Folha de S. Paulo


Velozes ou míticos, trens são sinais de progresso que não temos

Li recentemente notícias sobre a comemoração dos 20 anos do novo desenho das locomotivas do Shinkansen, o trem-bala japonês que desenvolve velocidades incríveis, com uma eficiência e pontualidade absurdas, e ainda por cima com uma beleza que segue atual.

Não esqueço a primeira vez em que o vi ao vivo, à nossa espera na estação de Tóquio. Fiquei boquiaberto com sua beleza, suas curvas melífluas, uma versão adocicada do que foi, nos ares, o então superaerodinâmico e supersônico avião Concorde.

No lugar da imagem robusta e intrépida (condizente com as toneladas que tinha que arrastar até mesmo ladeiras acima) que tiveram as locomotivas do passado, essa japonesa sugere inteligência e sutileza, mais que força bruta. Sua leveza de formas, explica a matéria, foi justamente inspirada no bico fino de um pássaro, o martim-pescador.

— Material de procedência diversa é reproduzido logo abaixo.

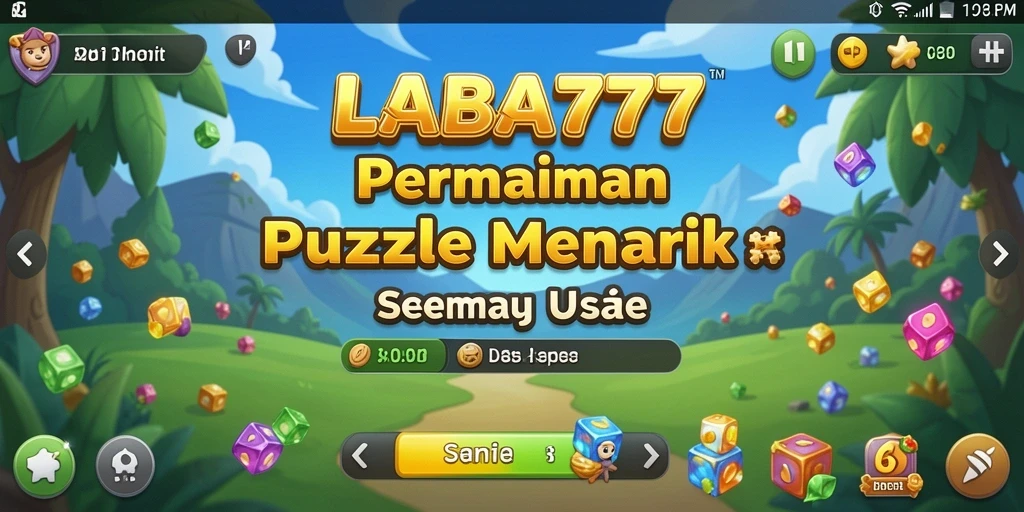 Tangkap momen seru dalam gameplay Puzzle LABA777.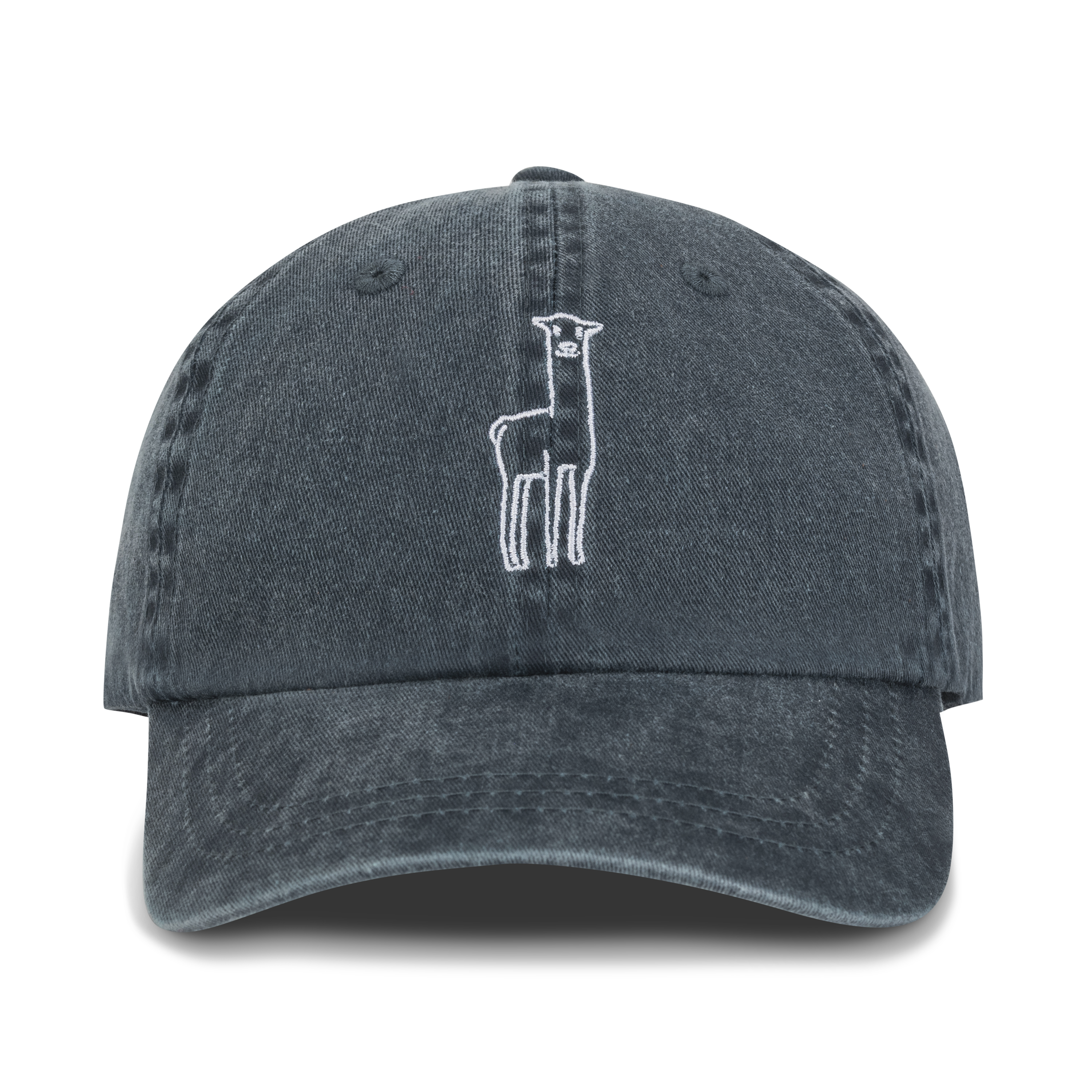 Fluff Alpaca Kids Baseball Hat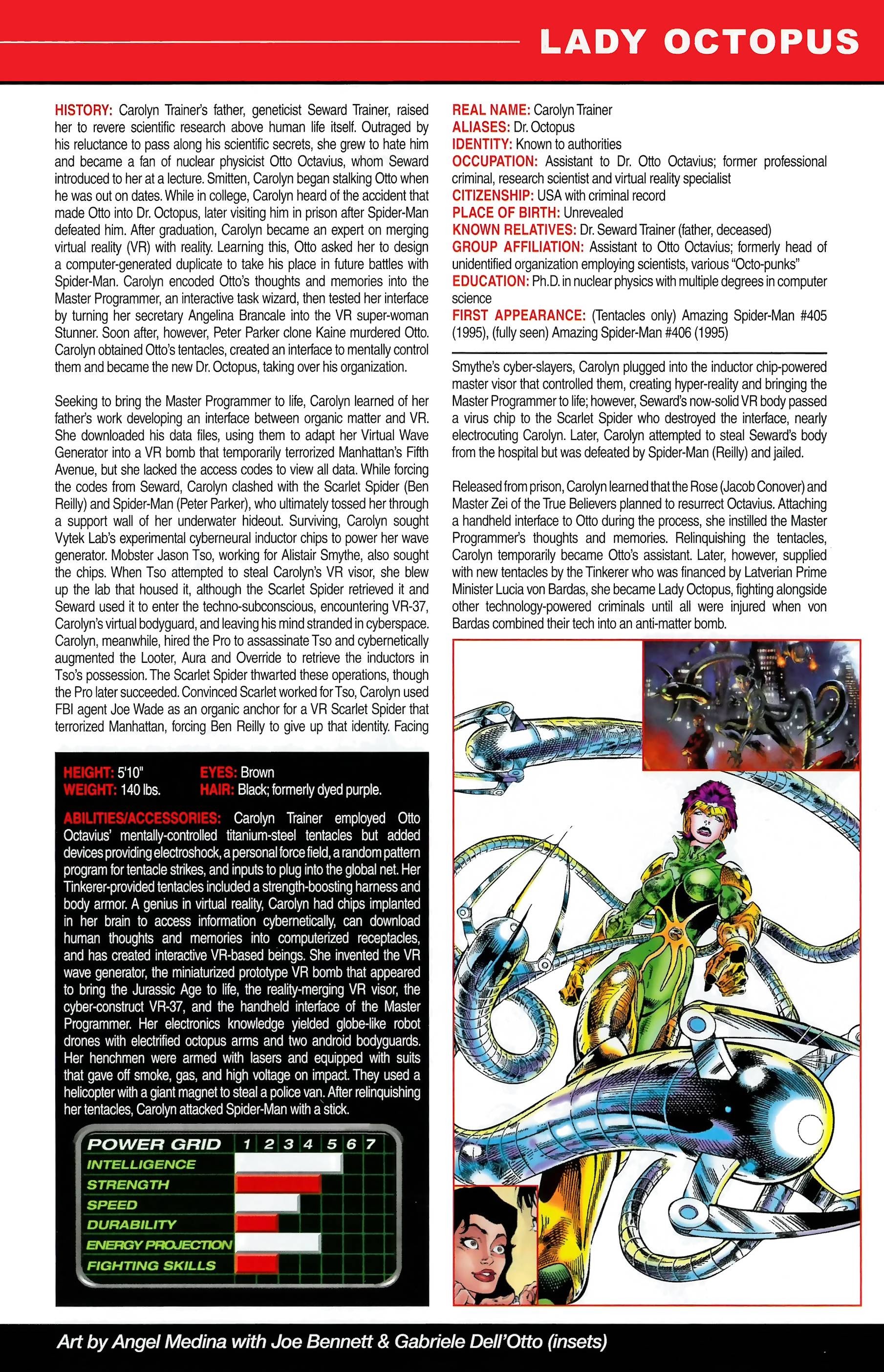 Read online Official Handbook of the Marvel Universe A to Z comic -  Issue # TPB 6 (Part 2) - 37
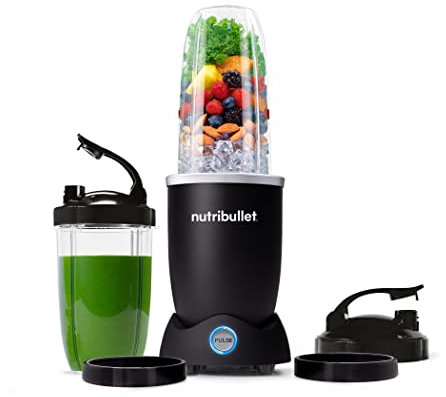 nutribullet® Pro+ 1200 Watt Personal Blender with Pulse Function SKU – Matte Black
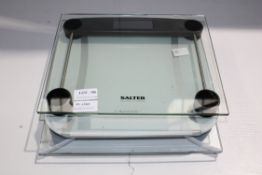 3X ASSORTED UNBOXED WEIGHING SCALES Condition Report Appraisal Available on Request- All Items are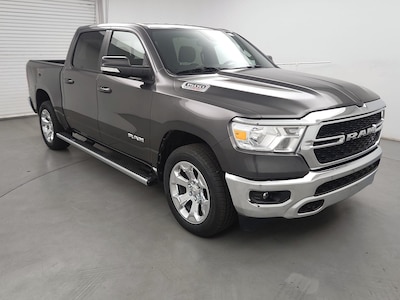 Gray 2021 Ram 1500 Bighorn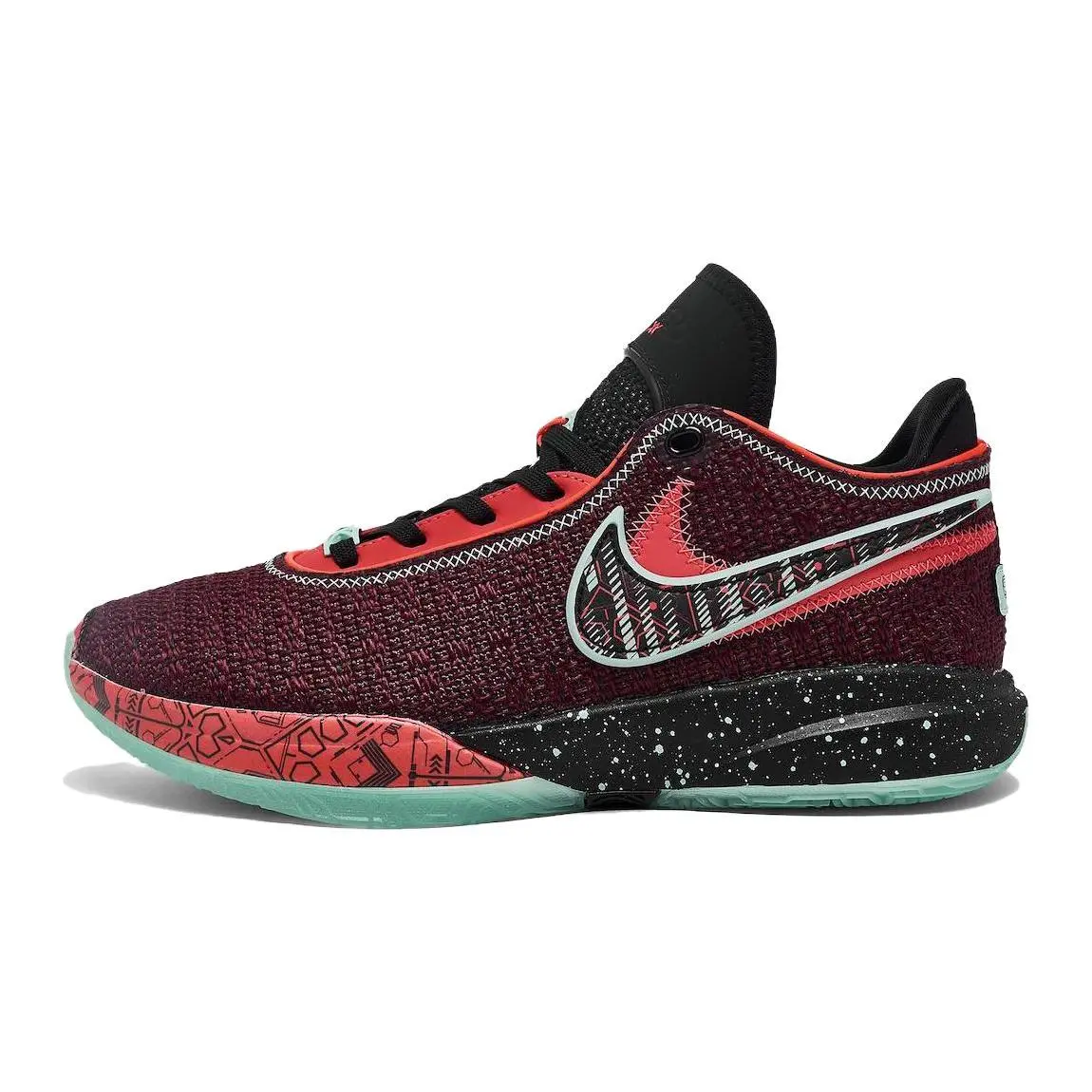 Nike LeBron 20 SE GS 'Night Maroon'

Também havia visto, tempos atrás, um documentário que mostrava sua fabricação. Como nos carros de luxo, suas curvas sutis são conferidas não somente por aparelhos de precisão, mas também pelas mãos humanas.

Um técnico ou designer acariciando uma Ferrari tem um quê de sensual -são até corpos de tamanhos semelhantes. Já aquele que acaricia, em êxtase, as curvas sutis de uma enorme locomotiva, demonstra melhor o que significa o gesto: a comunhão do homem com a máquina, a junção do criador com a criatura, o gesto da mão humana completando uma obra tecnológica que é também sua criação.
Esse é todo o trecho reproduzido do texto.